Durante años, aquí no nos cansamos de felicitarnos por el rápido ritmo de crecimiento de nuestra economía, sin advertir los peligros que ello suponía. Naturalmente que crecer es bueno, pero siempre y cuando ese crecimiento sea homogéneo y afecte a todos los factores que están en juego. Décadas atrás, España atraía la inversión extranjera debido a un menor nivel en los precios, lo que no ocurre igualmente ahora al haber aumentado proporcionalmente más deprisa que en otros países, tanto nuestros precios como nuestros costos laborales, algo que por descontado nos convierte en menos competitivos.

Así, actualmente no tiene nada de particular que nuestro déficit de balanza comercial vaya a más.

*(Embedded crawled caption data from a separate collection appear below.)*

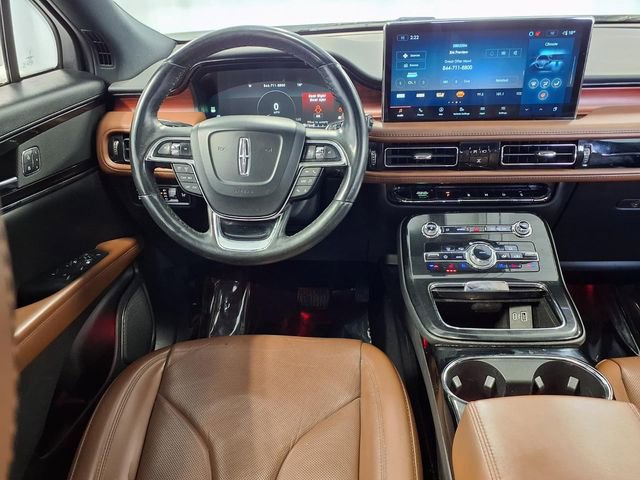 Used 2022 Lincoln Nautilus Reserve image 6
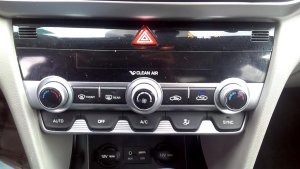 2019-2020 Hyundai Elantra Heated Seat Temperature Control Module (Used OEM)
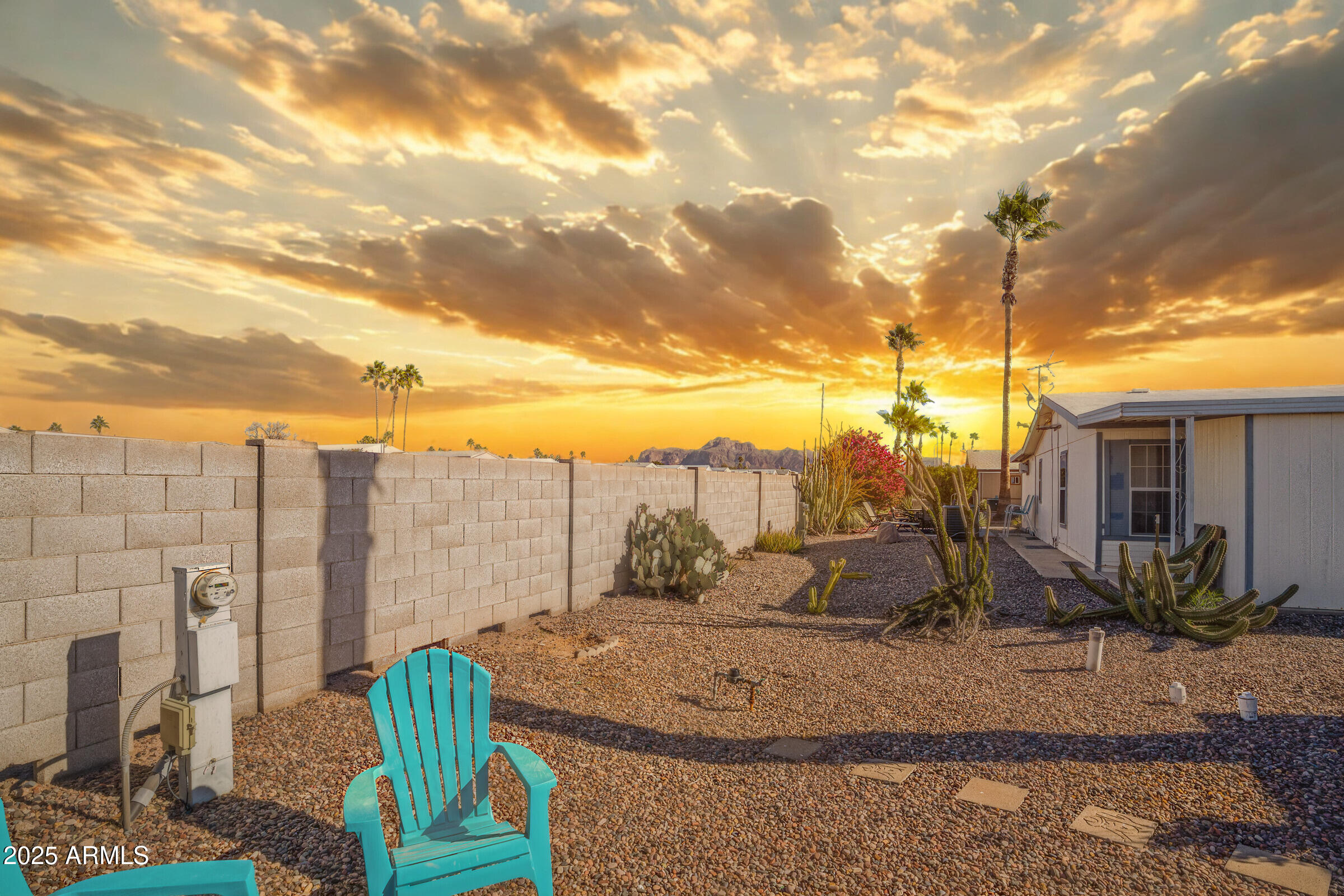 834 S MERIDIAN Road 81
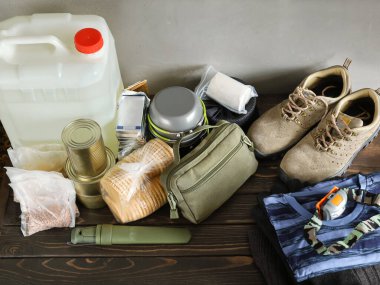 Acil durumlar ve tahliye için uzun vadeli yiyecek ve gerekli nesneler.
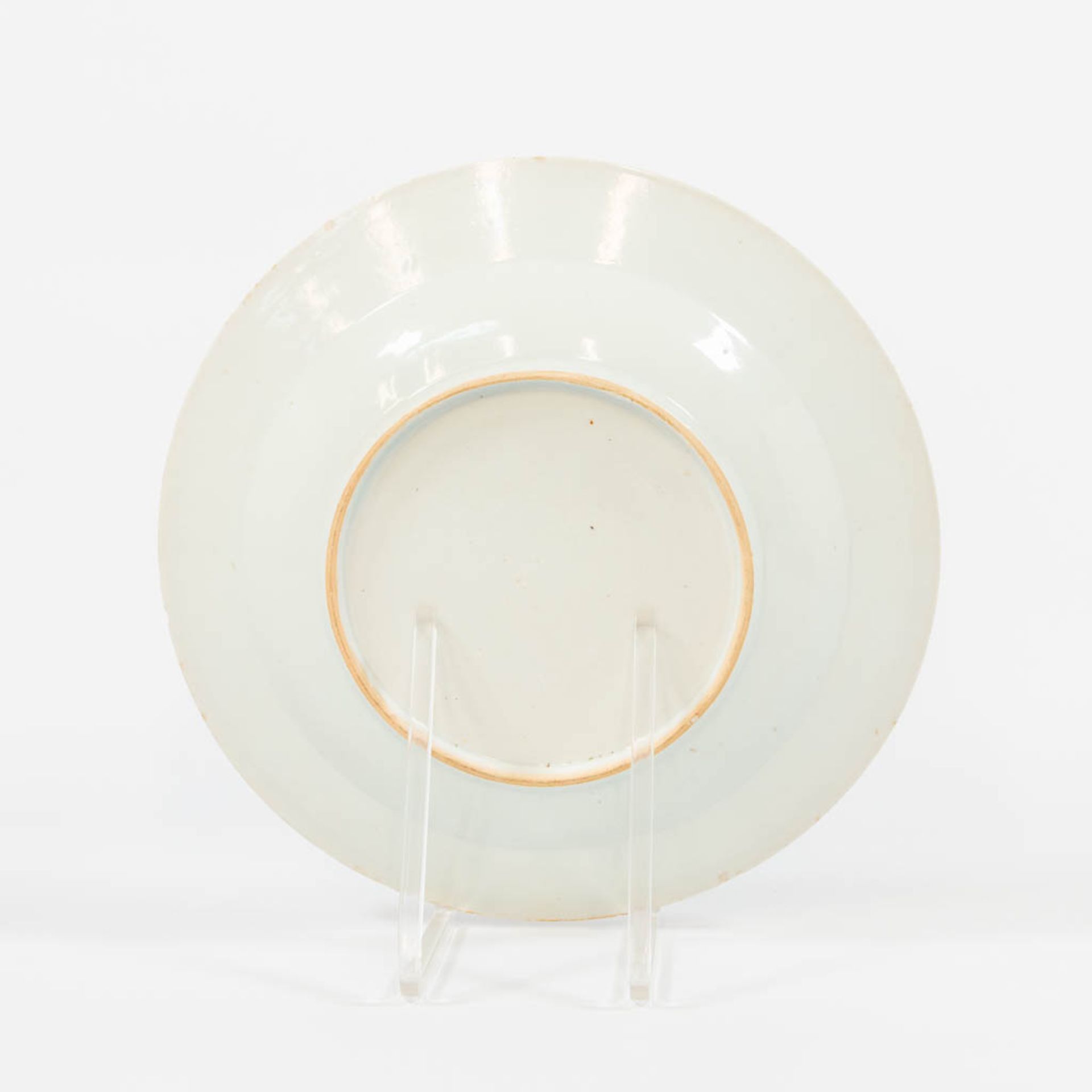 A collection of 6 display plates, famille rose. - Image 8 of 28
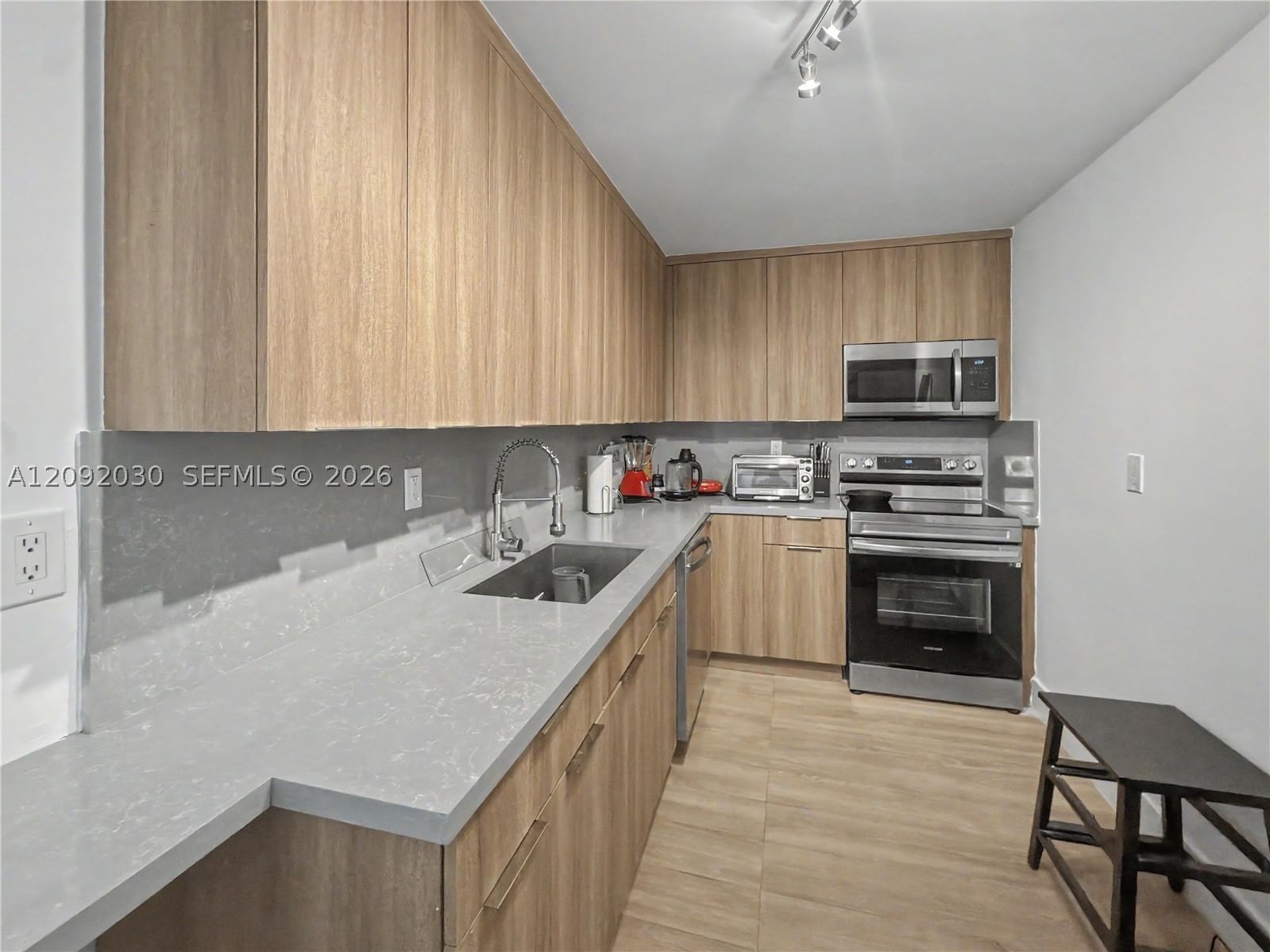 Real estate property located at 6801 Indian Creek Dr #609, Miami-dade, Boston Plaza Condo, Miami Beach, FL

A la vista de todo ello cabe plantearse un simple interrogante: ¿cuánto tiempo puede aguantarse esta situación? Por recurrir a una expresión del lenguaje común, estamos estirando más la manga que el brazo, y eso es algo que suele traer desagradables consecuencias de no tomarse las medidas oportunas. Si, por un lado, no se frena un tanto ese alegre crecimiento, y, por otro, no se hace lo necesario -inversión en tecnología e investigación, mejora de la calidad de nuestros productos, etc- para elevar nuestra competitividad, podríamos entrar en una situación de crisis de la que no nos salvaría ni siquiera nuestra pertenencia a la zona euro.